SINGAPORE - More members in each cohort reaching the age of 55 have been able to meet their Central Provident Fund (CPF) Minimum Sum over the years, despite this threshold having increased over the years, said Manpower Minister Tan Chuan-Jin on Tuesday.
This is due to improvements to the CPF system, and also because wages have been growing and more are participating in the labour force, he added.
His statement on CPF was given in Parliament response to 10 MPs' questions on the compulsory savings scheme from 10 MPs.
The Government is "even more optimistic" that younger workers can attain the Minimum Sum, he said. He cited a 2012 study by two local economists which estimated that about 70 per cent to 80 per cent of new entrants to the workforce would be able to meet the Minimum Sum for their cohort fully in cash.
Three key improvements to the CPF system have helped.
First, the CPF has paid an additional 1 per cent interest on the first $60,000 of combined balances since 2008.
This means that about two-thirds of members earn 5 per cent interest on all their balances in their Special, Medisave and Retirement Accounts, and over half of all members earn 3.5 per cent on all their Ordinary Account savings.
"This is superior to what is earned on bank deposits and comparable financial instruments," Mr Tan noted.
Second, lower income workers also have their CPF savings boosted by the Workfare Income Supplement scheme.
Third, CPF contribution rates for older workers have been raised to help them save more, said Mr Tan.
But a key group of concern are the senior citizens who are in retirement and have insufficient funds, he added.
Mr Tan said that many of these seniors have low CPF balances because of lower wages in the past and the more liberal withdrawal rules which were calibrated for shorter life spans, which depleted their CPF savings.
But because the majority of current seniors own and have fully paid for their homes, he added, they can be used to supplement their retirement funds, and there are schemes to help them do so.
"Those who take advantage of these schemes typically get enough in proceeds from the sale to top up their CPF accounts up to the Minimum Sum, with cash to spare," he said.

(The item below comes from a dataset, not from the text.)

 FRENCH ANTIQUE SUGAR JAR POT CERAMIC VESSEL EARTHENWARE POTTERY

Among CPF members who turned 55 years old over the past five years and had used CPF monies to purchase HDB flats, an average of 55 per cent of their Ordinary Account savings had been withdrawn to finance their flats at age 55, he noted.

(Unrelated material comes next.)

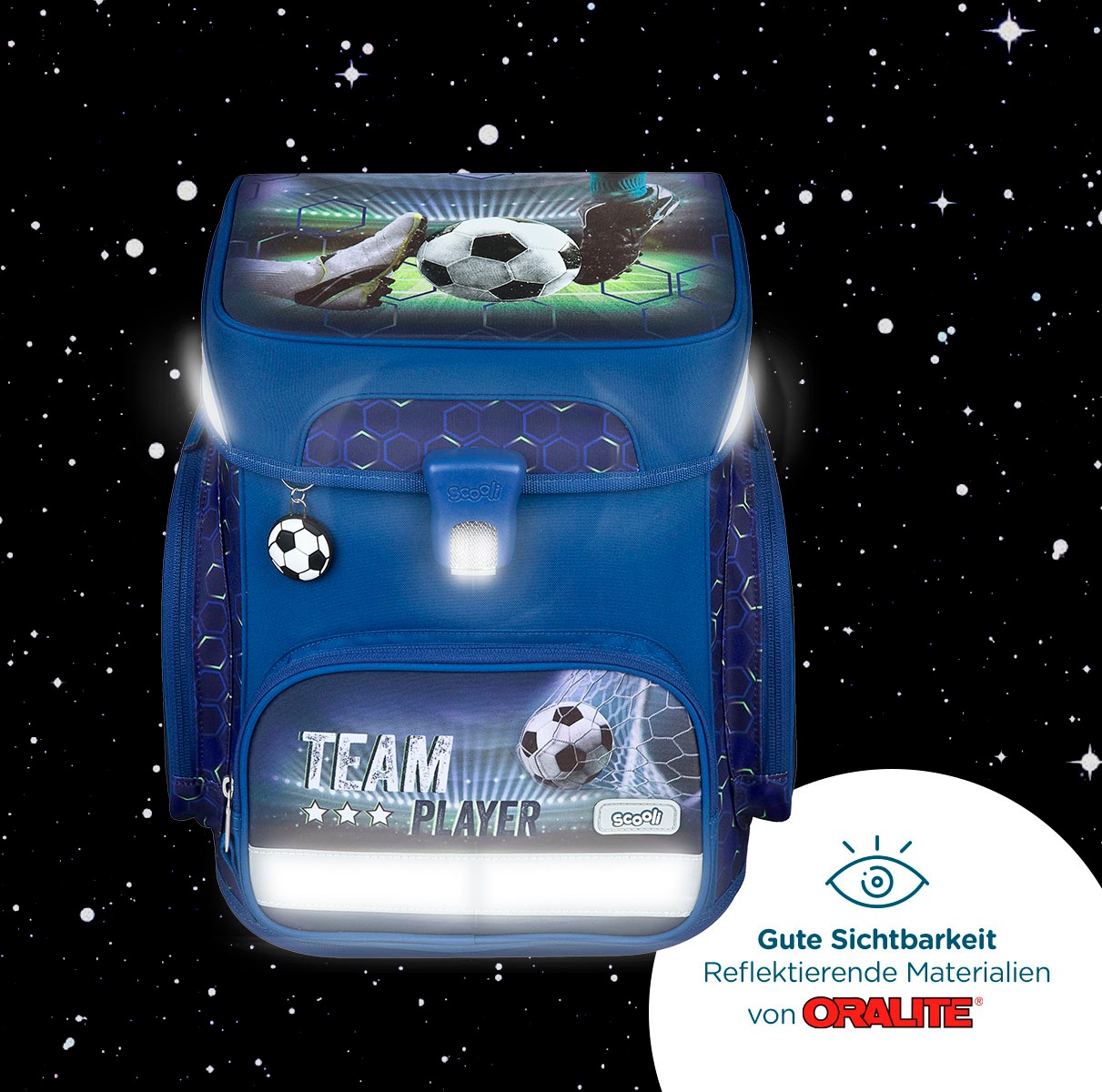 Scooli Schulranzen »EasyFit, Team Player« Reflektoren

However, as the CPF is founded on the principle of self-reliance and work, those who do not work and contribute regularly to the CPF are therefore less likely to attain the Minimum Sum.

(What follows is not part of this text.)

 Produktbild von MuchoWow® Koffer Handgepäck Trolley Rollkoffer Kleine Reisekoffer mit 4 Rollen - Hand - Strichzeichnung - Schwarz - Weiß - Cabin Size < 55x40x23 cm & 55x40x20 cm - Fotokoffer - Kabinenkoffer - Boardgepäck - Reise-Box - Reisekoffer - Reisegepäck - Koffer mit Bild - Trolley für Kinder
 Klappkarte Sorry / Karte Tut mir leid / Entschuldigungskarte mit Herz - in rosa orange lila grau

For inactive CPF members, many of whom have not worked regularly, he revealed that 23 per cent of Singaporeans who turned 55 in 2013 were inactive CPF members, while the remaining 77 per cent were active members or self-employed.
For this group, he said, "family support will have to come in and other social safety nets are in place to provide assistance for example through the various ComCare schemes".